Il s'agissait pour moi de dire que la question de la sécurité alimentaire est éminemment stratégique, au point où elle peut prendre des formes néocoloniales d'appropriation de potentialités agricoles extra-muros. Tel est le cas du continent africain, où l'on comptabilise déjà, une attribution de plus de 7,3 millions d'hectares, portant ainsi atteinte à la dignité des autochtones et à leurs droits à l'accès minimal à la nourriture. Mon propos était aussi de dire que si notre pays n'est pas démuni d'atouts pour n'avoir pas exploité de façon optimale toutes ses potentialités, il n'est pas pour autant à l'abri de difficultés à venir, s'il continue à ne considérer la formation des hommes, ressource stratégique de demain, que sous son aspect quantitatif. Dans ce cas, il est à craindre que nos centres du savoir ne soient en mesure de porter le rêve d'une nation ancrée dans son siècle, si la dynamique interne de notre société n'est pas inscrite dans l'évolution d'un monde ouvert sur le progrès. Cet objectif majeur sous-tend bien évidemment une vision et un cap à un horizon déterminé, autour de la question de la maîtrise des connaissances scientifiques et techniques et des savoir-faire dans tous les domaines et particulièrement celui de notre alimentation. Si notre jeunesse reste insuffisamment outillée face aux défis de son siècle, cela ne veut pas dire pour autant que rien n'a été fait pour la formation des hommes ! Bien au contraire, jamais pays n'aura autant investi que l'Algérie dans la réalisation d'infrastructures universitaires et tout particulièrement au cours de cette dernière décennie. De la sorte, l'on est arrivé à contenir les flux d'étudiants, mais sans pour autant garantir une formation de qualité, à hauteur des exigences et des standards internationaux. Cette situation trouve son explication dans le fait que l'université algérienne est restée longtemps «recroquevillée» sur elle-même, puisque faiblement ouverte sur son environnement socio-économique immédiat et sur l'international.

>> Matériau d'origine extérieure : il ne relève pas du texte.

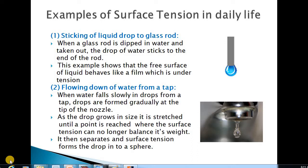Good morning, dear students. In our previous lecture, we have gone through a detailed discussion on the topic surface tension of a given liquid. So in today's lecture, we will continue with various applications, or we can say examples, of surface tension in our daily life — how it is applicable to various phenomena that we observe in our daily life.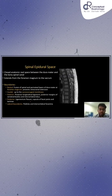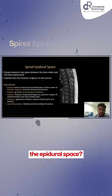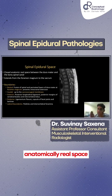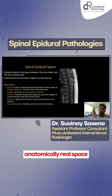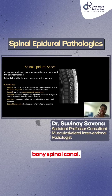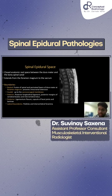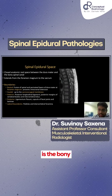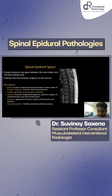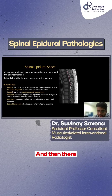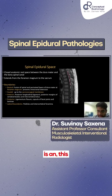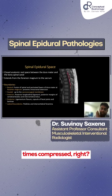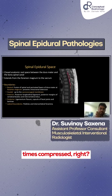So what is spinal epidural pathologies? What is the epidural space? It is an anatomically real space between the dura mater and the bony spinal canal. You can see that this is the bony spinal canal here, and then there is an anatomical space which is most of the times compressed.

Il est vrai qu'à l'instar de bien d'autres institutions, l'université a connu des difficultés qui ont failli la marquer durablement, si ce n'était l'abnégation, le courage et la détermination d'un corps enseignant qui a continué à dispenser des cours, souvent au péril de sa vie, durant la décennie 90, où le savoir et la connaissance n'étaient pas tolérés par les hordes sauvages. Après cette parenthèse fermée de l'intégrisme qui a porté atteinte à l'image de notre pays et qui a forgé son isolement au plan international, notre survie en tant que nation dans l'ère de l'après-pétrole reste cette fois-ci intimement liée à notre capacité à maîtriser les process et les innovations technologiques et à développer des formes de créativité. Cela veut dire que la décennie à venir devrait être celle de la qualité et de la performance. Ce défi autour de la maîtrise du savoir est à notre portée, pour peu qu'on soit suffisamment habiles pour tirer profit de cette mondialisation qui nous offre aujourd'hui l'opportunité de disposer à l'échelle internationale d'un potentiel de scientifiques, d'ingénieurs et de techniciens marginalisés dans leurs pays d'origine, pour cause de délocalisation de leurs entreprises. Notre ouverture à l'universel, sans discrimination, ni a priori, devrait nous amener à inscrire la dynamique interne de notre société dans l'amorce d'une authentique coopération multisectorielle, si bénéfique à nos centres du savoir et à nos institutions. C'est là, un impératif et une urgence, eu égard au classement de notre pays qui occupe la 23ème place sur le top 100 africain et la 29ème place sur le top 100 arabe, selon le site Ranking web of word Universities. Le classement africain étant largement dominé par l'Afrique du Sud et celui arabe, par l'Arabie Saoudite. Au plan mondial, l'Arabie Saoudite 1ère dans le monde arabe se classe à la 197ème place et l'Afrique du Sud, 1ère en Afrique, à la 405ème place. L'Algérie n'est classée qu'à la 4.116ème place et le Maroc à la 3.653ème place.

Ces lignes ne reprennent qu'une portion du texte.